TASK INPUTS section start

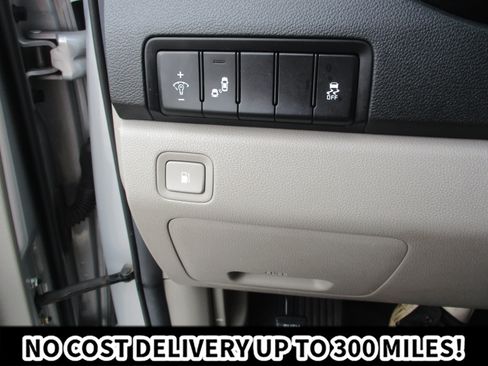 Used 2019 Kia Sedona EX FWD image 24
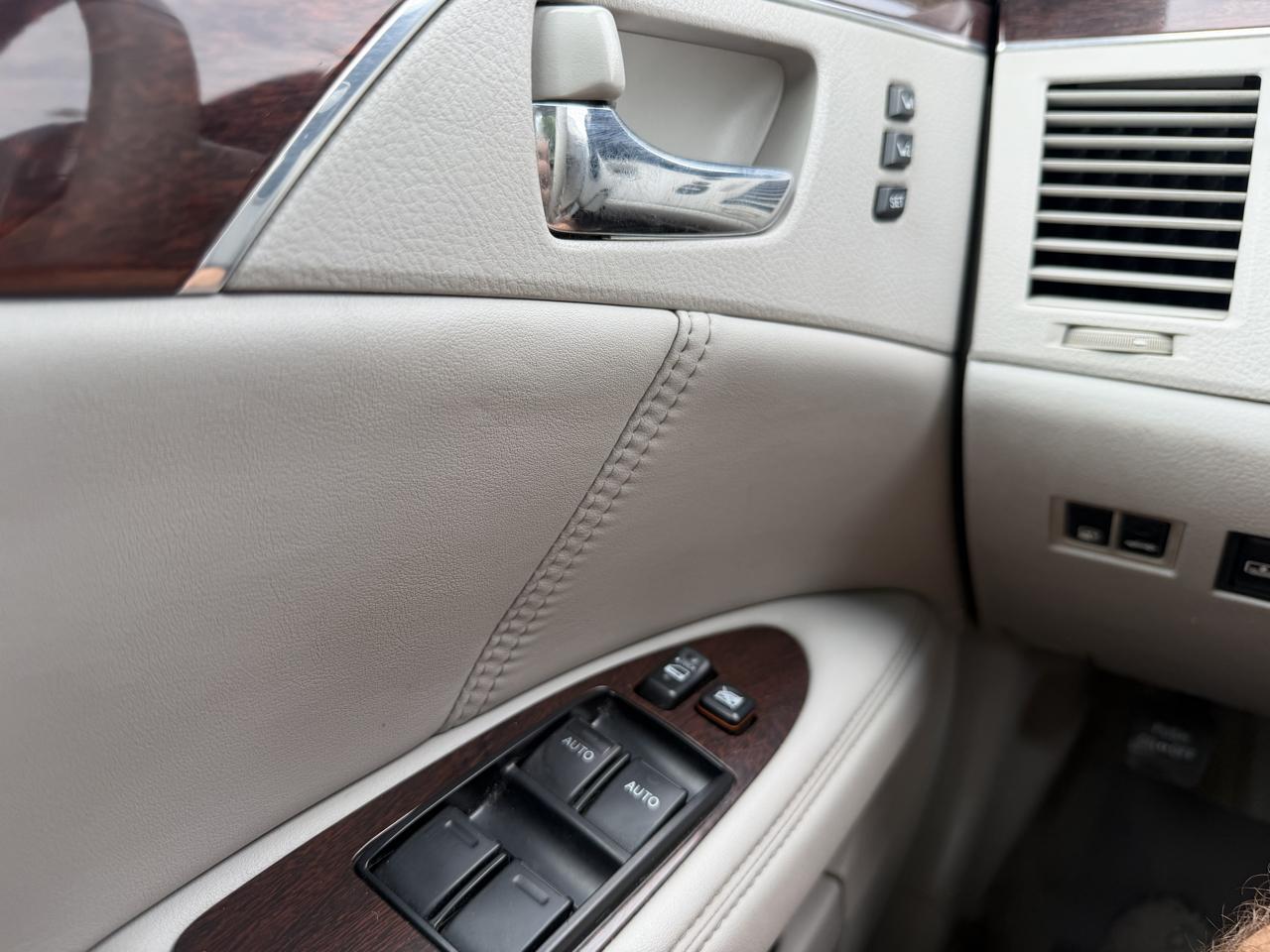 Toyota Avalon XL 2009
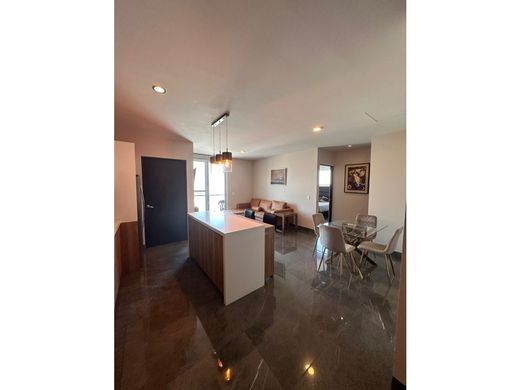 Apartment / Etagenwohnung in Monterrey, Nuevo León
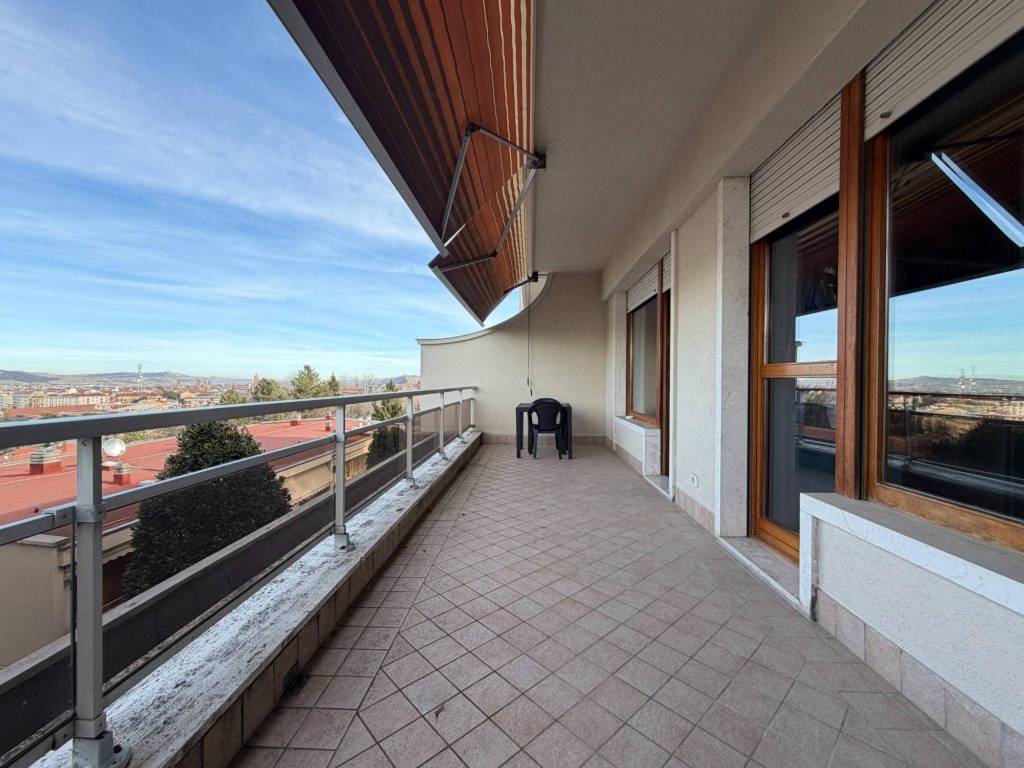 Appartamento a Alba in Strada Rorine, 31 - Foto 2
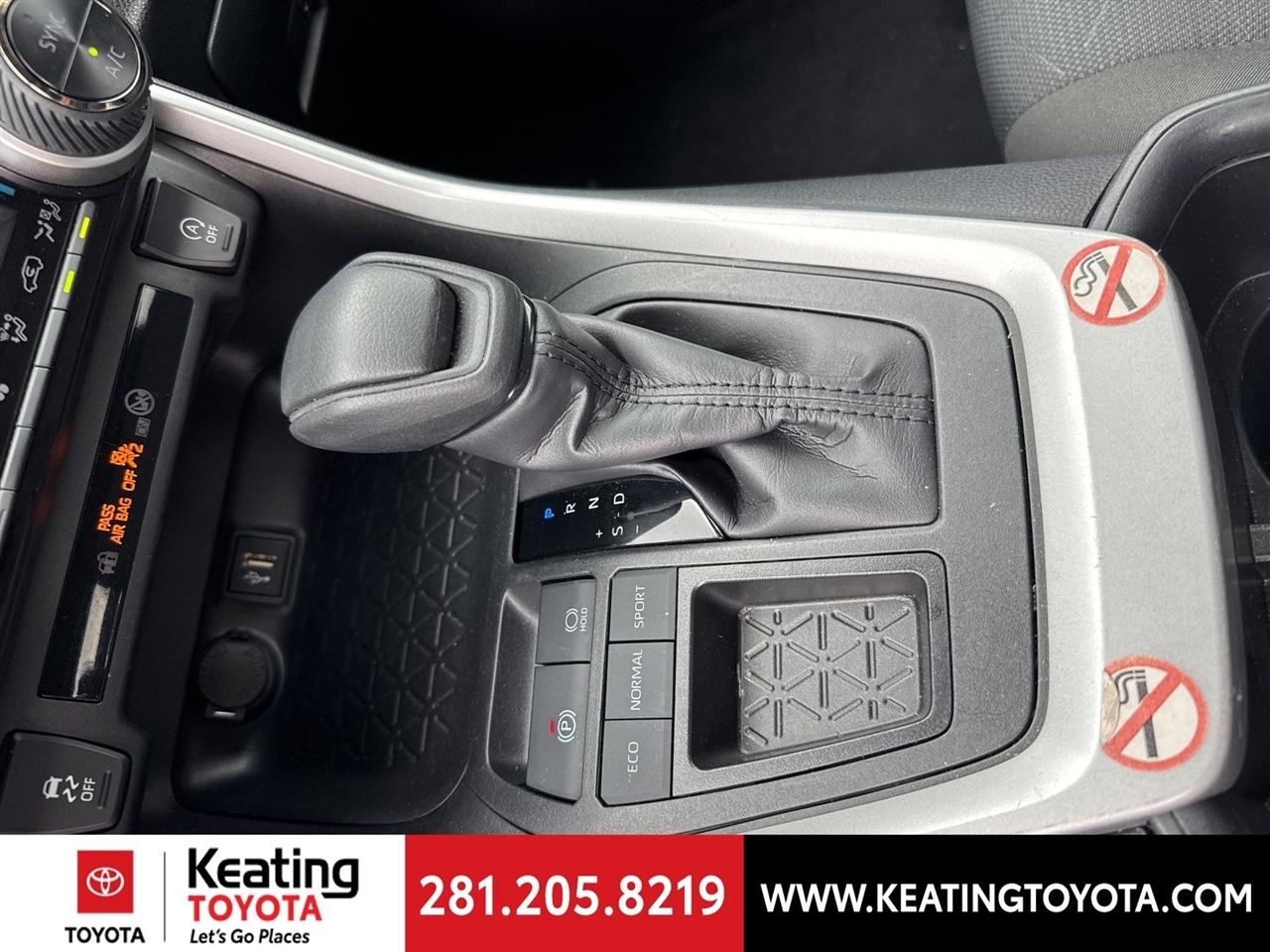 Toyota RAV4 XLE 2025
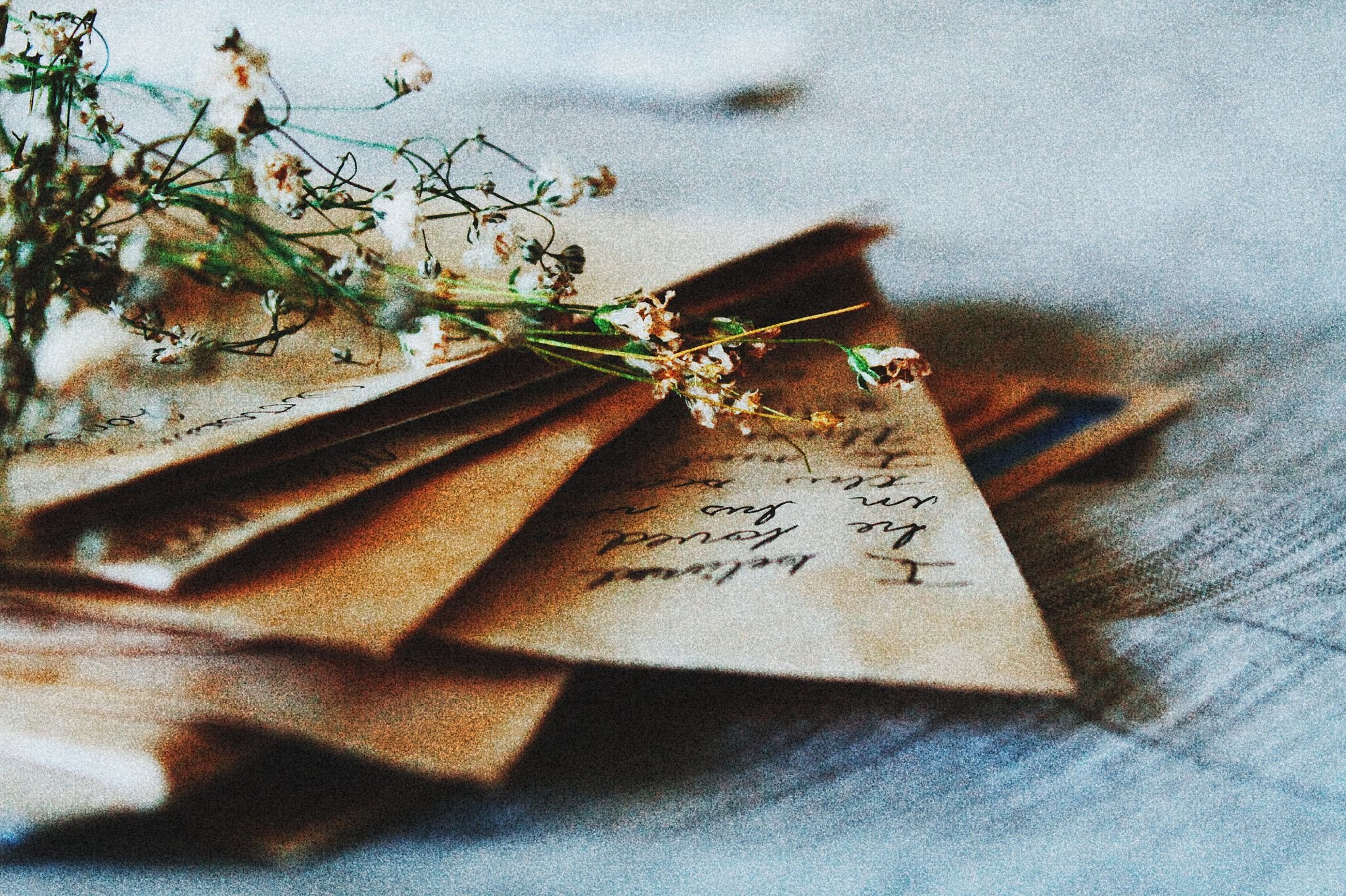 Так бережно воспоминания. Бумажные письма. Старые письма. Письмо Эстетика. Старое письмо.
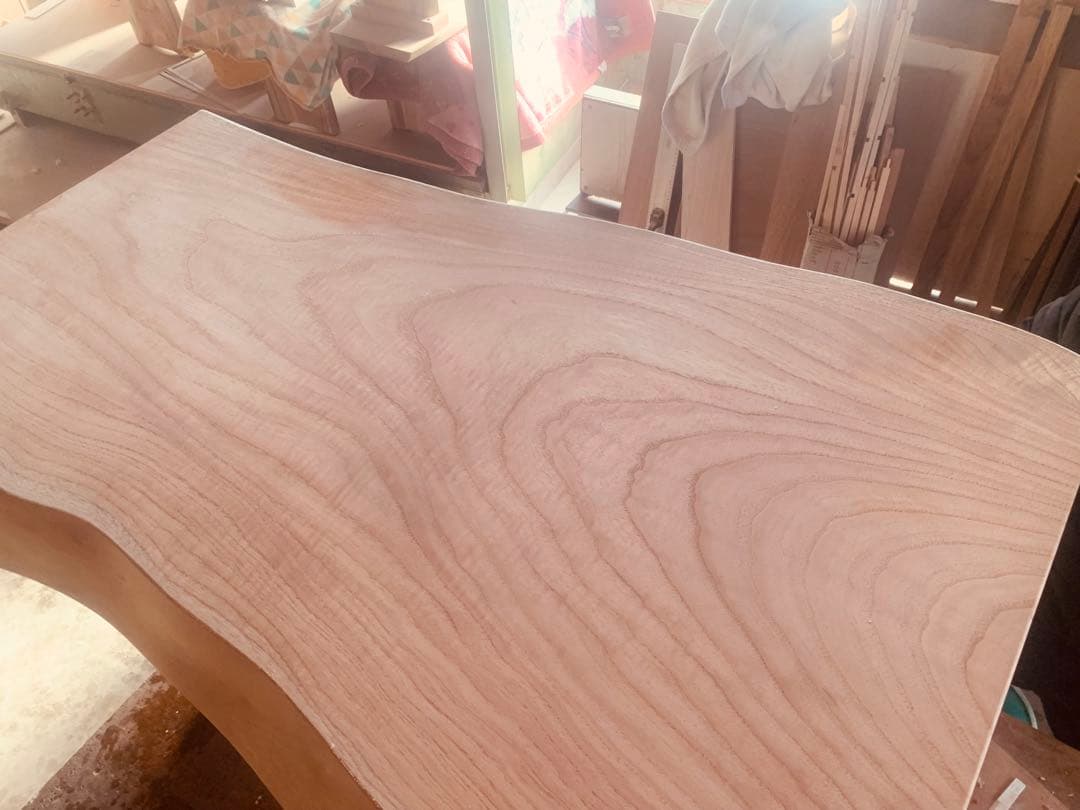 ☆ローズマリー☆無垢材(耳付栴檀一枚板)PCデスクオーダー製作＊高さ75㌢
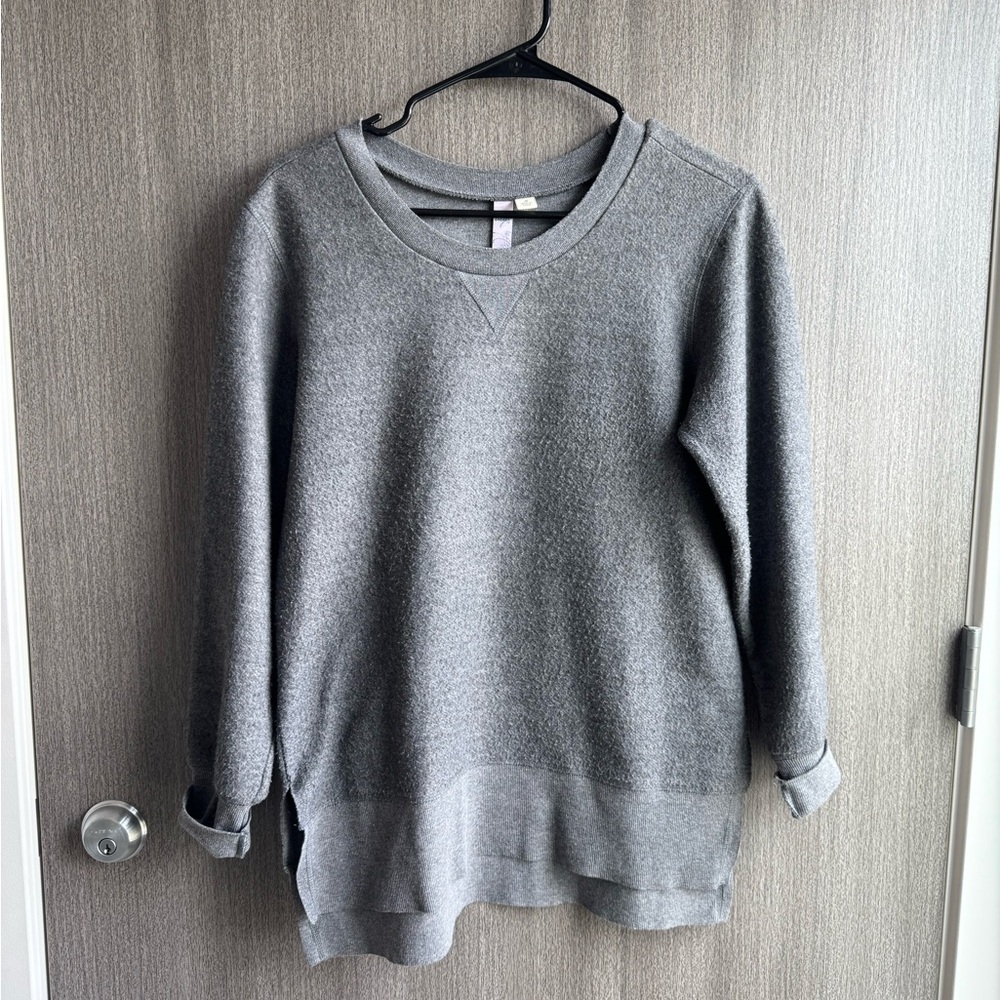 Francesca’s Gray Crewneck Sweatshirt - S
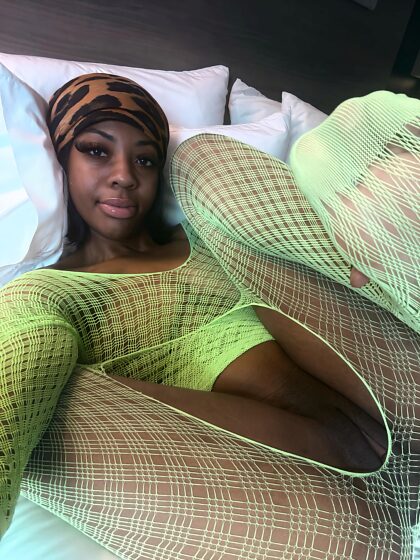 Veux-tu une chatte noire ?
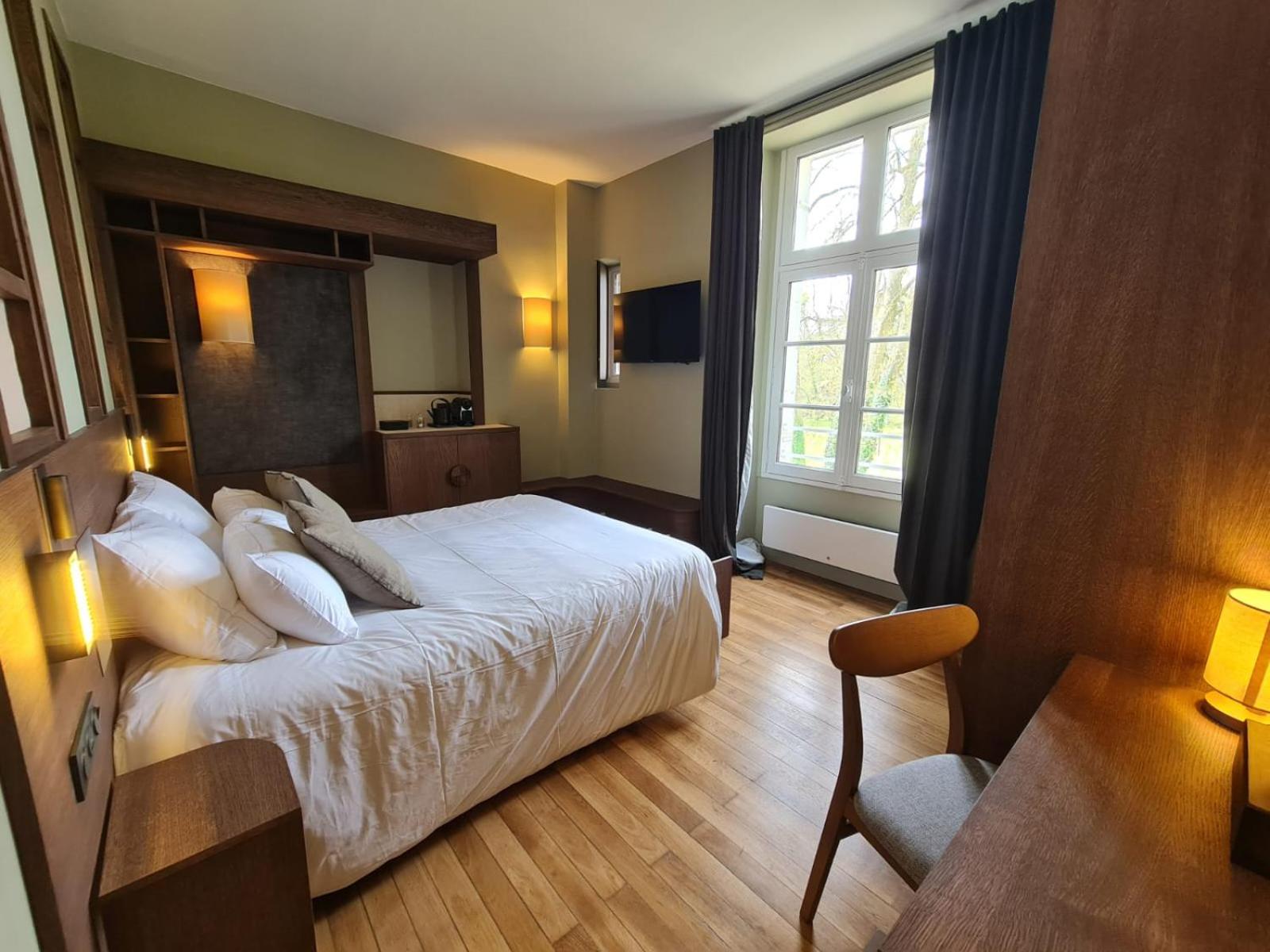 Deluxe Double Room - Photo 13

TASK INPUTS section end

PROBLEM REQUIREMENTS:
Your copy should match the records above exactly, except that it contains no pictures.

YOUR SOLUTION:
 Used 2019 Kia Sedona EX FWD image 24
 Toyota Avalon XL 2009
 Apartment / Etagenwohnung in Monterrey, Nuevo León
 Appartamento a Alba in Strada Rorine, 31 - Foto 2
 Toyota RAV4 XLE 2025
 Так бережно воспоминания. Бумажные письма. Старые письма. Письмо Эстетика. Старое письмо.
 ☆ローズマリー☆無垢材(耳付栴檀一枚板)PCデスクオーダー製作＊高さ75㌢
 Francesca’s Gray Crewneck Sweatshirt - S
 Veux-tu une chatte noire ?
 Deluxe Double Room - Photo 13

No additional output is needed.